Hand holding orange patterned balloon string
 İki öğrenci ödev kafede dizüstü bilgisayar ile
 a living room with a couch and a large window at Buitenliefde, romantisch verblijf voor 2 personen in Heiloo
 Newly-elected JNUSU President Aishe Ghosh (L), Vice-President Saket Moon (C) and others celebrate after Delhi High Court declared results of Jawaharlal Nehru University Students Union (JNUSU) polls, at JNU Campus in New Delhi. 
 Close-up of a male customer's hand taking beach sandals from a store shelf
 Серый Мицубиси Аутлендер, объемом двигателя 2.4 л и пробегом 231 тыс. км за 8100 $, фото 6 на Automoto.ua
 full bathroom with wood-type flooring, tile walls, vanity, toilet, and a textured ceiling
**********
- What you have to do -
Copy each entry exactly. Omit none.

- Solved exercise -
Hand holding orange patterned balloon string
 İki öğrenci ödev kafede dizüstü bilgisayar ile
 a living room with a couch and a large window at Buitenliefde, romantisch verblijf voor 2 personen in Heiloo
 Newly-elected JNUSU President Aishe Ghosh (L), Vice-President Saket Moon (C) and others celebrate after Delhi High Court declared results of Jawaharlal Nehru University Students Union (JNUSU) polls, at JNU Campus in New Delhi. 
 Close-up of a male customer's hand taking beach sandals from a store shelf
 Серый Мицубиси Аутлендер, объемом двигателя 2.4 л и пробегом 231 тыс. км за 8100 $, фото 6 на Automoto.ua
 full bathroom with wood-type flooring, tile walls, vanity, toilet, and a textured ceiling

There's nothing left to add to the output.